RECIPE

Vegetable Chili Mac

Vegetarians and non-vegetarians alike will love this combo of chili seasonings and veggies that add zing to a dinner classic.

Ingredients

  • 4 poblano peppers
  • 2 tablespoons extra virgin olive oil (EVOO)
  • 1 large onion, finely chopped
  • 4 cloves garlic, finely chopped
  • 1 can pinto beans (15 ounces), drained
  • Salt and pepper
  • 1/2 tablespoon cumin (half a palmful)
  • 1 tablespoon coriander
  • 1 tablespoon smoked sweet paprika
  • 1 tablespoon ancho (mild) or chipotle (hot) chili powder
  • 2 tablespoons tomato paste
  • 1 cup Negra Modelo or other Mexican beer or 1 cup vegetable stock
  • 1 can fire-roasted diced tomatoes (28 ounces)
  • 1 pound whole wheat or semolina macaroni or elbow pasta with lines
  • A handful of cilantro, finely chopped (optional)
  • 1 cup smoked cheddar cheese, shredded
  • 1 cup pepper Jack cheese, shredded
  • 3 scallions, finely chopped

Preparation

Pre-heat the broiler.

Place the poblano peppers on a broiler pan and blacken the skins all over (leave the oven door slightly ajar to allow steam to escape). Place the blackened peppers in a bowl and cover tightly with plastic wrap. Cool until ready to handle. Peel and seed the peppers, then chop them.
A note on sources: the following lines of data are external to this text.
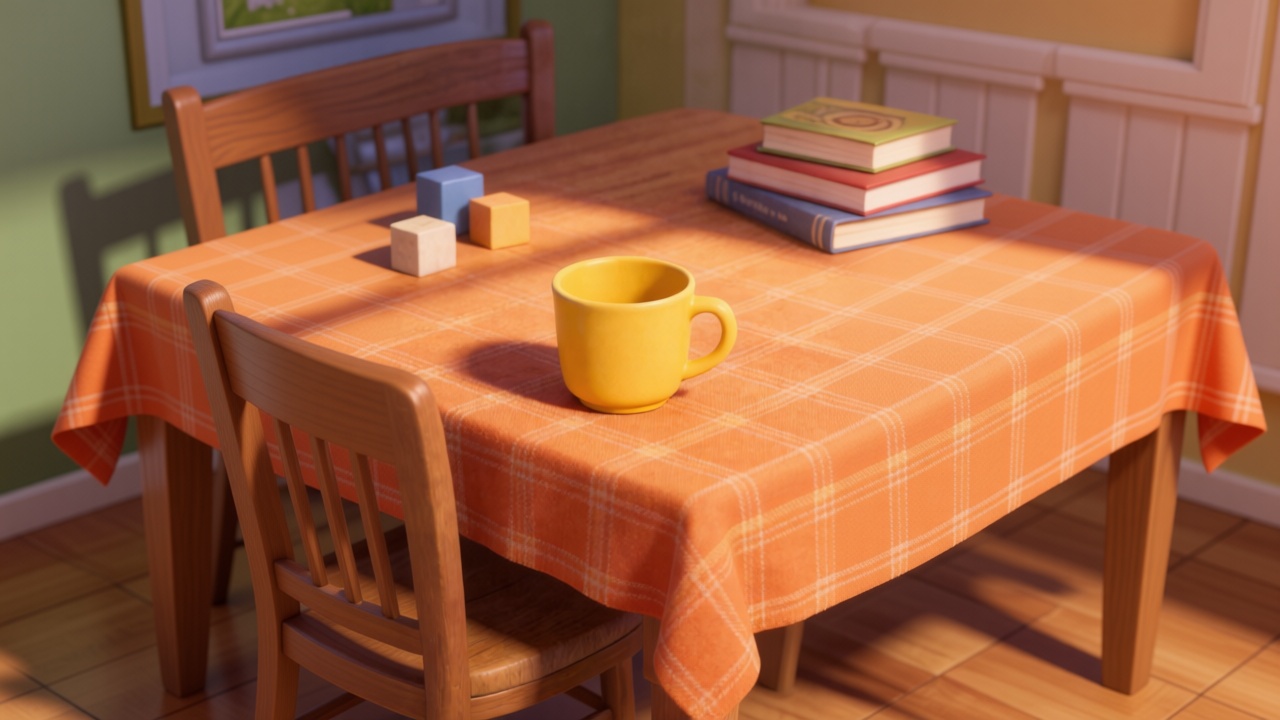 Close-up shot. (Fade out) Sunlight casting shadows on the empty yellow cup on the warm wooden dining table covered with an orange plaid tablecloth. Blocks and books nearby. Serene. 3D Pixar style. --ar 16:9
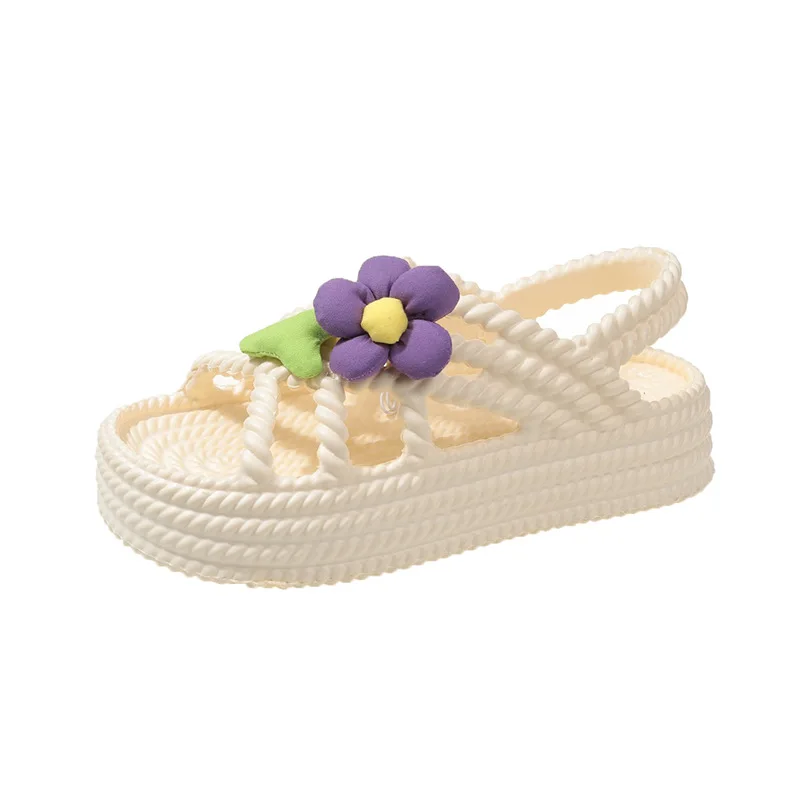 Eva Flowers Platform Beach Sandals Women 2023 Slippers Summer Fashion Korean Version Sandalias Zapatos Mujer Flip Flops Flat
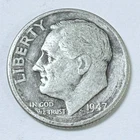 1947 ROOSEVELT SILVER DIME - 90% SILVER - CIRCULATED COIN #5069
Bring a large pot of water to a boil for the pasta.

Heat a heavy pot over medium-high heat with the EVOO, a couple turns of the pan. Add the onion and garlic, and soften for 5 minutes. Add the chopped poblano peppers and pinto beans to the pot, season with salt, pepper, cumin, coriander, paprika and chili powder and stir to combine. Add the tomato paste and stir to incorporate, then add the beer or stock and tomatoes. Reduce the heat to simmer.

Cook the pasta to al dente, drain and toss with the veggie chili and cilantro, if using. Place in a casserole dish and top with both cheeses. Place under the broiler to melt and brown cheese

Garnish with the scallions and serve.


This is one of many “Yum-o!” recipes – it’s good and good for you. To find out more about Yum-o!, Rachael’s nonprofit organization, go to www.yum-o.org.

Cooking with alcohol enhances the flavors of certain dishes. Some of the alcohol burns off in the process of cooking. If you are concerned about using alcohol when you cook, you may use the appropriate substitute listed in the ingredients.